A blog post yesterday by Wayne Eckerson at Enterprise Systems entitled The End of Enterprise Software builds its theory around the following observation:

" the business model for enterprise software vendors has switched from selling licenses to selling maintenance and support. He said maintenance fees now comprise 45 percent of revenues and a lion's share of profitability. This is largely because the software market has matured and consolidated, leaving customers hostage to a few big companies"

I agree, as I wrote in EMC/VMWare/Springsource Wants to Be Your Strategic Enterprise Software Partner, that
"This is largely because the software market has matured and consolidated," and that it leaves customers hostage to a few big companies. That's why it's important to understand the facts behind your captivity. As with the real Stockholm Syndrome, the conventional wisdom in the media might not agree with reality.

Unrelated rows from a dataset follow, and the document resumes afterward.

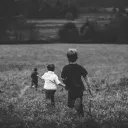 Three young boys running through a field of tall grass.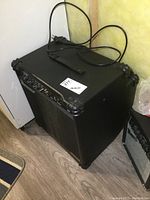 Black Ibanez guitar amplifier angled with attached power cord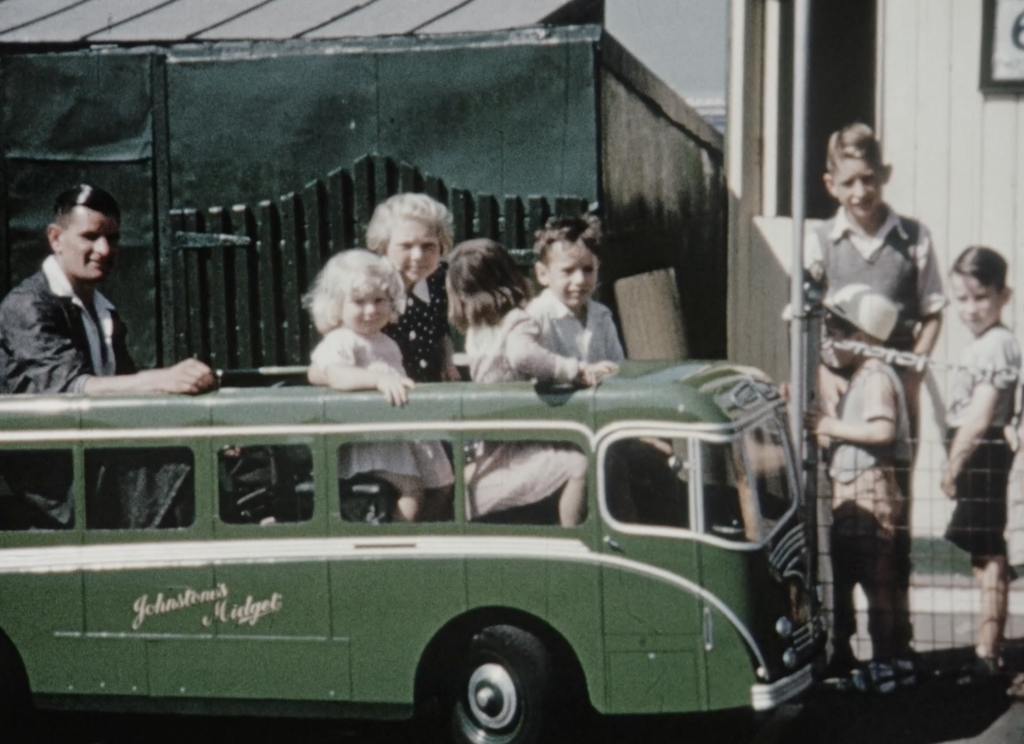 small children sitting in a model green toy bus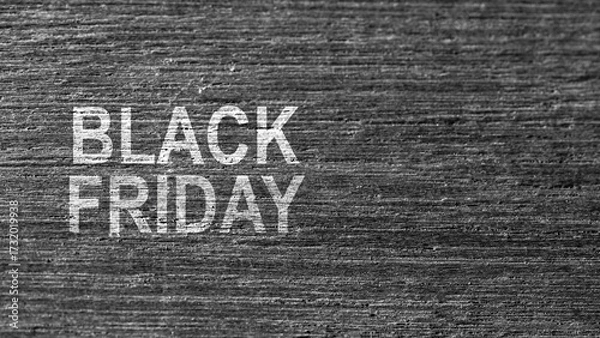 Fototapeta Closeup view of Black Friday text on a wooden background. Copy space. Flat lay. Black Friday sale concept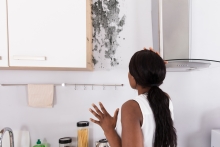 Woman looking at mold on wall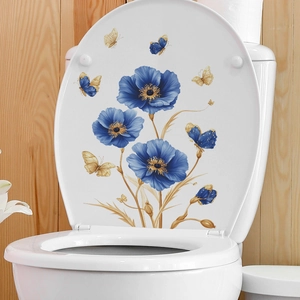 Poppy flower toilet lid decal with blue petals and golden butterflies on white ceramic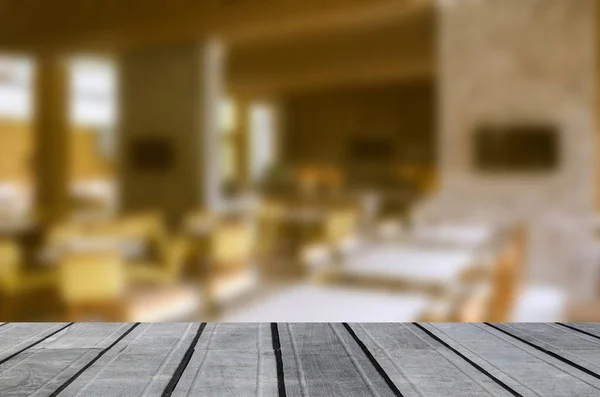 Wood table top and Blur restaurant - vintage effect style picture. can be use for display or montage your products.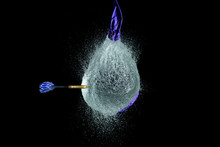 Balloon Filled With Water Is Popped With Dart To Make A Mess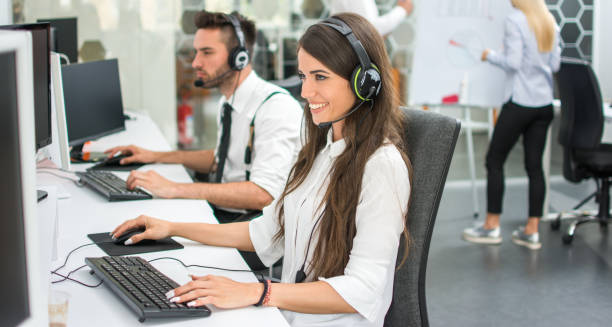 istock Cheerful customer support operators working in call center. Side view of smiling young business woman and business man talking with clients and solving problems on computers. 1136367294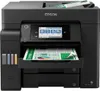 A black Epson EcoTank ET-5805 WLAN-multifunction printer is shown from the front, with a document partially printed and sticking out of the output tray. Náhľad obrázku produktu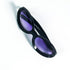 lunettes vintage ovales noires verres violets devant fermée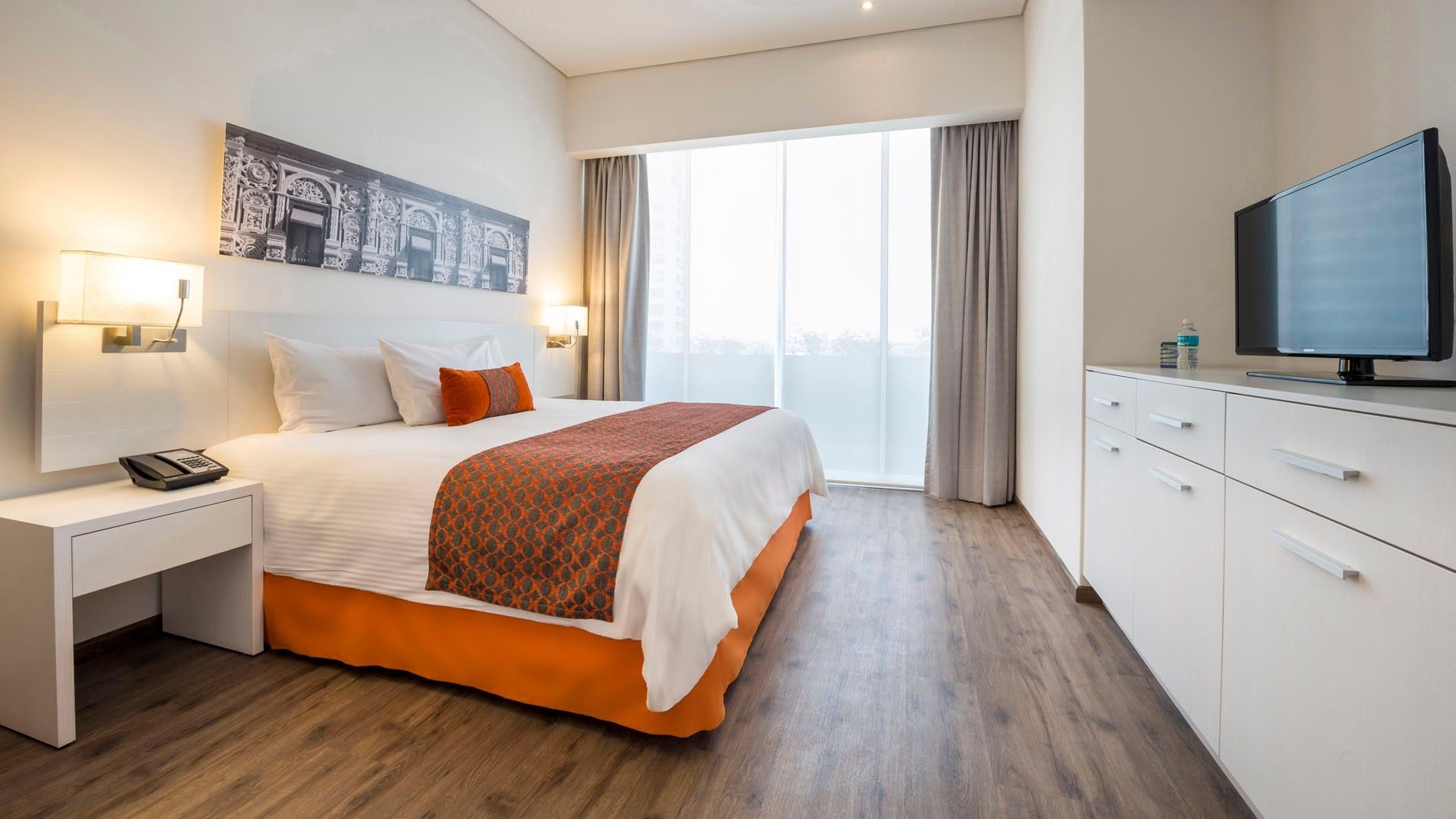 Queen Standard room featuring a bed with orange accents and large bright windows at Camino Real Puebla Angelopolis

Based on my research, Wayne's observation (quoting a third party by the way) unfortunately veers away from reality in its first two sentences. And it might steer you in the wrong direction, too. The post concludes that this switch in enterprise-software "business model" is good news for open source. That is a mixed-up correlation in at least two dimensions. A lot of enterprise software is distributed under open source terms and conditions. And the way people make money on open source software is by "selling maintenance and support." (There is an argument in this strain of logic for third-party maintenance providers such as Rimini Street, however.)


I could probably find more issues relative to the open source tie-in but that's not why I'm writing this post. It's more important to understand that the basic fact is wrong. There has been no recent switch to "selling maintenance and support." That's the way enterprise software suppliers have always realized the "lion's share of profitability."


For the last 30 years - but this does not include IBM or Microsoft, the two leading enterprise software providers - software companies have tried to build a balanced revenue flow of 33 percent license, 33 percent subscription maintenance and 33 percent professional services. The license revenue stream is mostly easy -- sell upgrades and add-ons -- but still licenses are loss leaders because of the costs of making the initial sale to you. Professional services are simply a have-to-have like the Maytag repair man; Microsoft has avoided most of this by depending on its channel. IBM has made professional and managerial services its primary business.


The profits for most software suppliers are and always have been in the maintenance stream. This is not unique to software marketing or coincidental; add in bundling and substitute punched cards for subscription maintenance and this is how IBM made its money from way back when it was called Computer Tabluating and Recording, or some such name.


In bad economic times such as 2009, the mix for classic enterprise software providers changes to a heavier dependence on maintenance revenue stream because you delay license purchases and professional services contracts. But most of you keep up your subscription maintenance contracts because you need the tax-law changes, the bug fixes, support for new devices, and so forth.


So it's your fault that Oracle has such a high percentage of maintenance revenue, not Oracle's. (That's a joke.)


More seriously, do all you can to control who your captors are.